Ya sé
que la esperanza es lo último que se pierde (y más si tu suegra se llama así),
pero no puedo evitar la sensación de haber consumido ya mi tiempo y estar, más
que en una prórroga, en una especie de postvida (o premuerte, qué más da), en ese
limbo vital que es estar simplemente atrapado en el tiempo para nada, en un anticipo
de la nada pero light.
Pues, aunque esto sea una mierda, no nos podemos ni quejar, por si dura poco, que
diría Allen.
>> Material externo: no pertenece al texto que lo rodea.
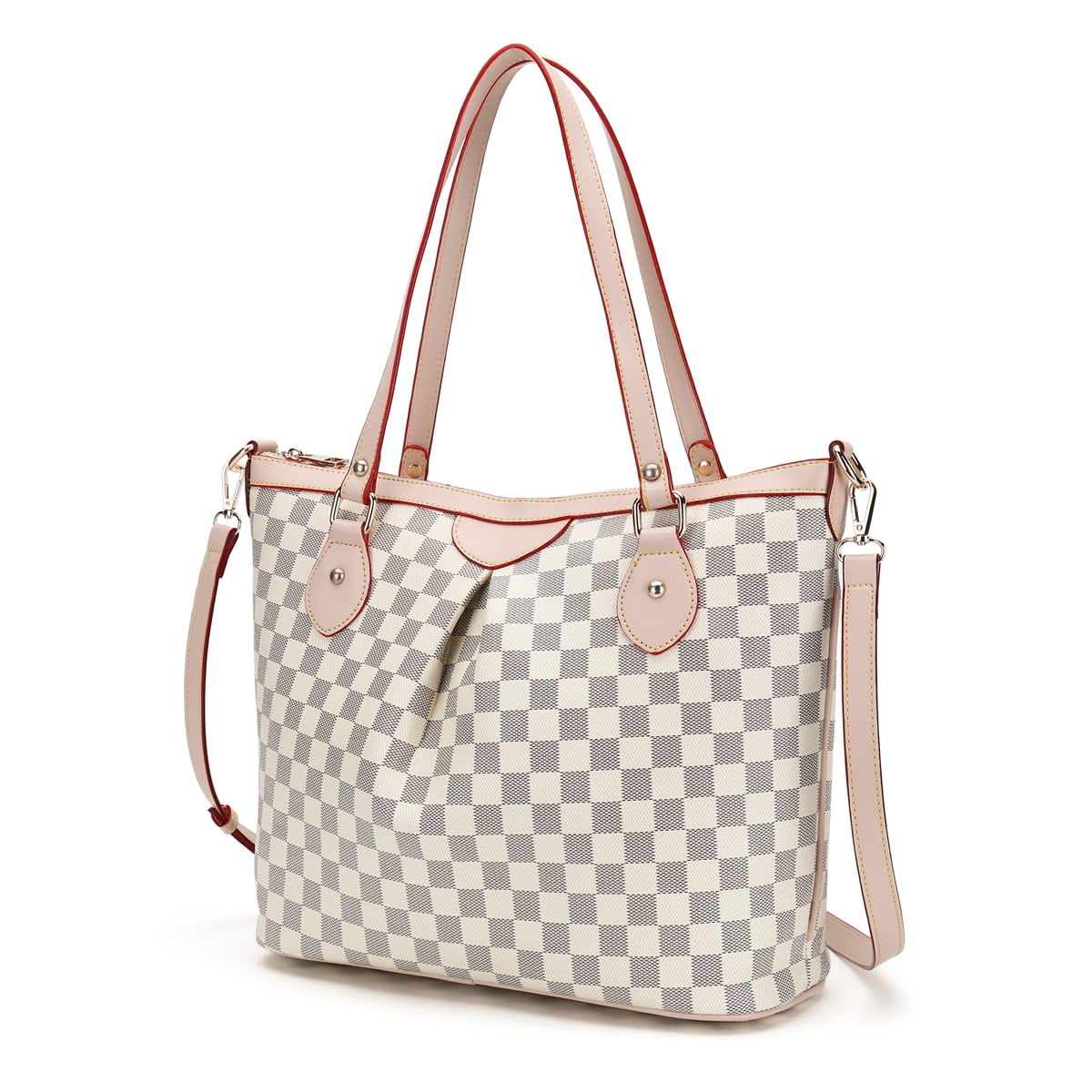 TWENTY FOUR Checkered Tote Shoulder Bag Women Crossbody Travel Satchel - PU  Vegan Leather (White Checkered) 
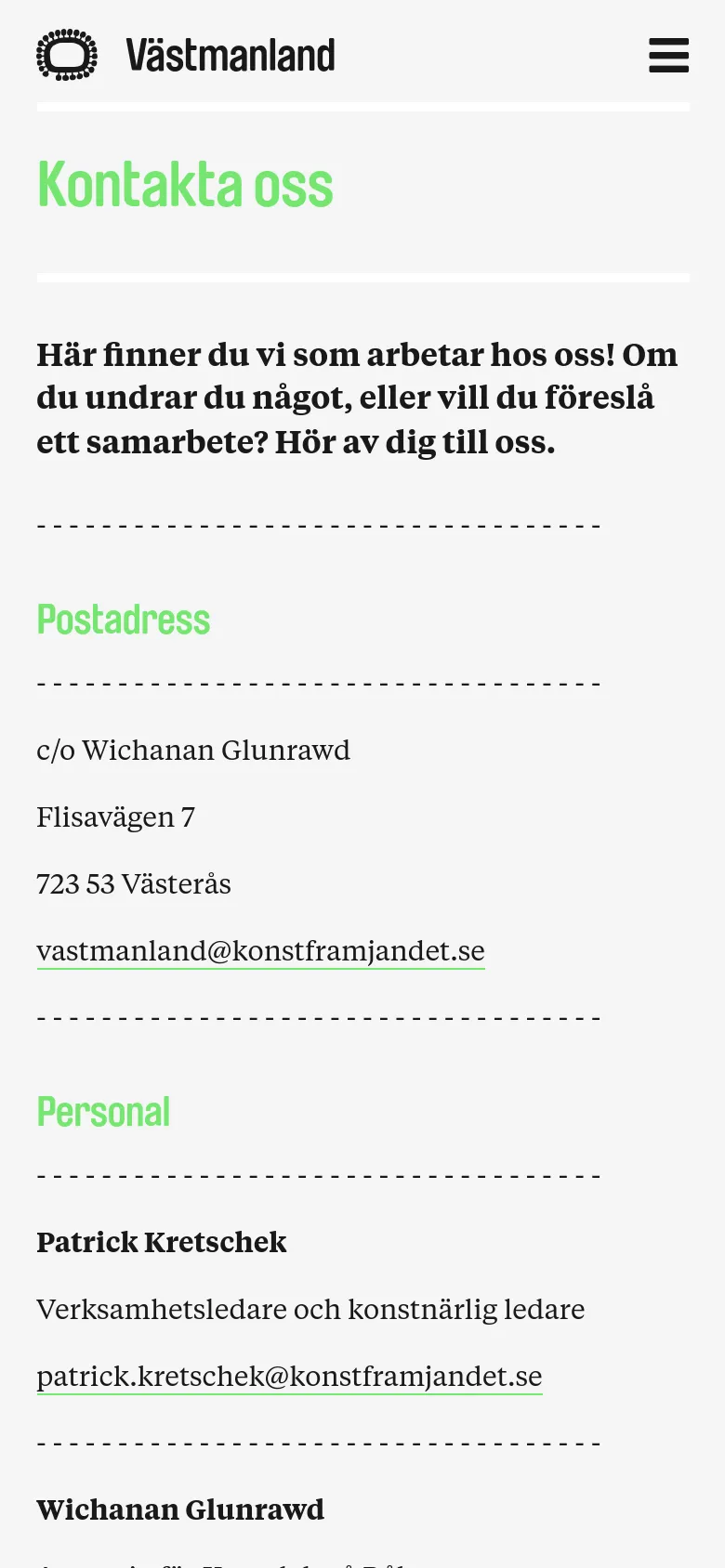 The mobile version presents a simplified vertical layout with a condensed header containing the logo and a hamburger menu icon. The content remains focused on the 'Kontakta oss' heading and contact information, with text and links stacked vertically for easier scrolling on a small screen.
En el Renacimiento al menos tenían el Infierno, que se puso de
moda, claro, para conminar al personal a que lo que le esperaba era aún peor
que el Purgatorio que vivían.
Y es que, pese a la guerra, hambre, peste y
muerte a tutiplé, todavía les quedaba tiempo para divertirse, y no solo con lo malo
mencionado –si es que la comida, el vino y el sexo son buenos–. Cuanto ni más
ahora, que te dicen, tranquilo, que esto es temporal y la fiesta aún no ha
acabado.
Porque estos en realidad lo que han puesto es una gestoría,
de la soledad, el ansia, la incerteza, la miseria, la desesperanza. Y no tienen
prisa porque a más desazón mejor poltrona. Y ahí estamos, en la sala de espera,
con los supervisores diciéndote si puedes ir a mear, que no hables fuerte, que
pongas el bozo, y así. Una sala donde solo esperas con inquietud que te toque y
te digan: pase el siguiente. Pero, ¿adónde?